== Segment start ==
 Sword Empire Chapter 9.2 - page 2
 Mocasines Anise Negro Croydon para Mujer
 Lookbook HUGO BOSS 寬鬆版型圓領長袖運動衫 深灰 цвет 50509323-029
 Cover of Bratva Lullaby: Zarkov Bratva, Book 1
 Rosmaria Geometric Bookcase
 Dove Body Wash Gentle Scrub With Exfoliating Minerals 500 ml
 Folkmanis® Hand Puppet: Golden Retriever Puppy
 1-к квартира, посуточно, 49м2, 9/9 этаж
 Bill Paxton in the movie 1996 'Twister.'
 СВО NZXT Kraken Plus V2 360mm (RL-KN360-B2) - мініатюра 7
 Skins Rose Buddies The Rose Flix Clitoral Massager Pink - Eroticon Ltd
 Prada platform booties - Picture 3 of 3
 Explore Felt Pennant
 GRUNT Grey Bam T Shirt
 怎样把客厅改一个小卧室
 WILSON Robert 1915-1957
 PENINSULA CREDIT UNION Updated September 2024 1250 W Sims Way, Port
== Segment end ==
== Segment start ==
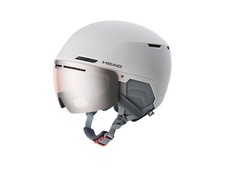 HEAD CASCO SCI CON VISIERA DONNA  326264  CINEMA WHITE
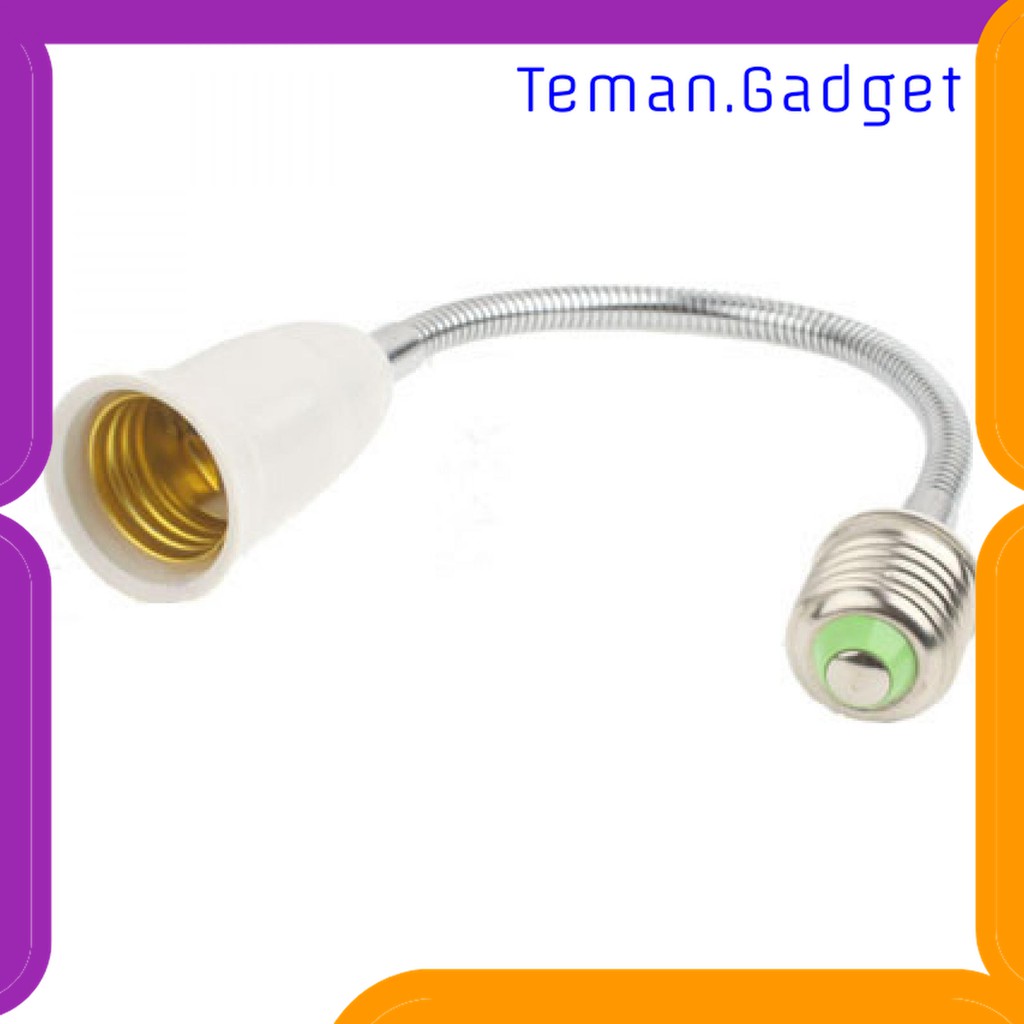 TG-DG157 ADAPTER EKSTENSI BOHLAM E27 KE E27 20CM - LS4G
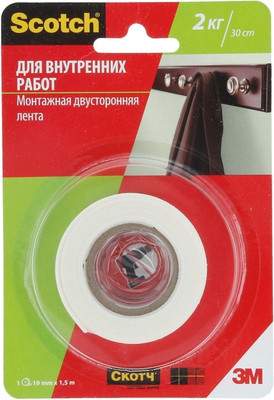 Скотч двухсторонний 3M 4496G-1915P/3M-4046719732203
== Segment end ==
== Segment start ==
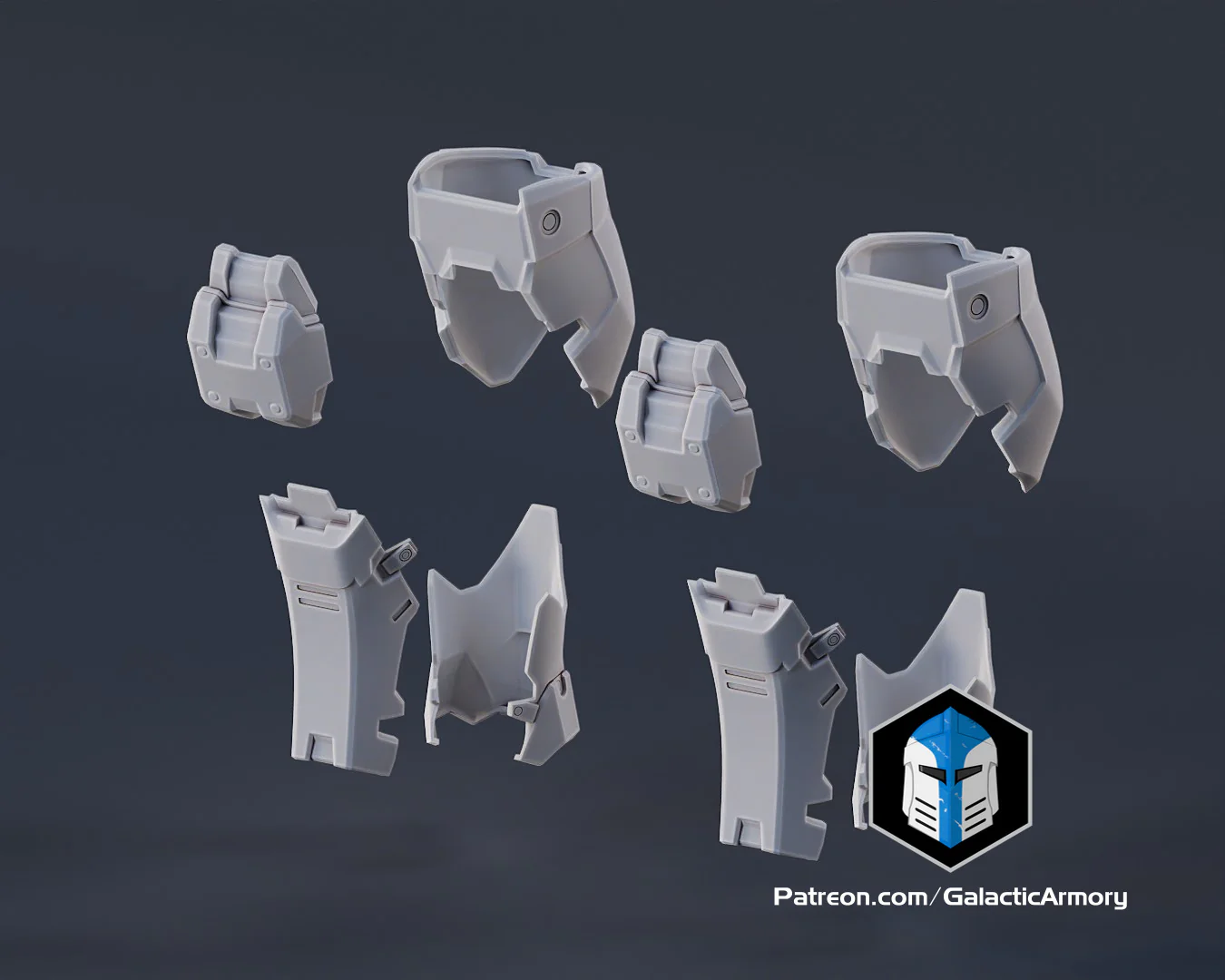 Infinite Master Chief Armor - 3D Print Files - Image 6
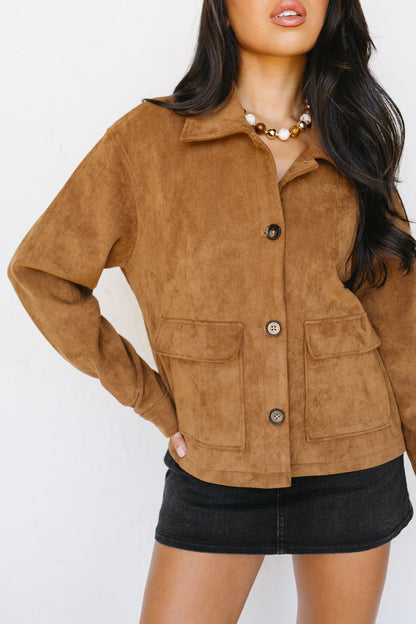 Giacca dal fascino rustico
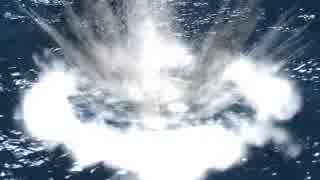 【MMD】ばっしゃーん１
== Segment end ==
> _Work order_
Using the entries above, repeat only the lines from the one containing "Sword Empire Chapter 9.2 - page 2" through the one containing "СВО NZXT Kraken", end lines included.

> _Solution_
 Sword Empire Chapter 9.2 - page 2
 Mocasines Anise Negro Croydon para Mujer
 Lookbook HUGO BOSS 寬鬆版型圓領長袖運動衫 深灰 цвет 50509323-029
 Cover of Bratva Lullaby: Zarkov Bratva, Book 1
 Rosmaria Geometric Bookcase
 Dove Body Wash Gentle Scrub With Exfoliating Minerals 500 ml
 Folkmanis® Hand Puppet: Golden Retriever Puppy
 1-к квартира, посуточно, 49м2, 9/9 этаж
 Bill Paxton in the movie 1996 'Twister.'
 СВО NZXT Kraken Plus V2 360mm (RL-KN360-B2) - мініатюра 7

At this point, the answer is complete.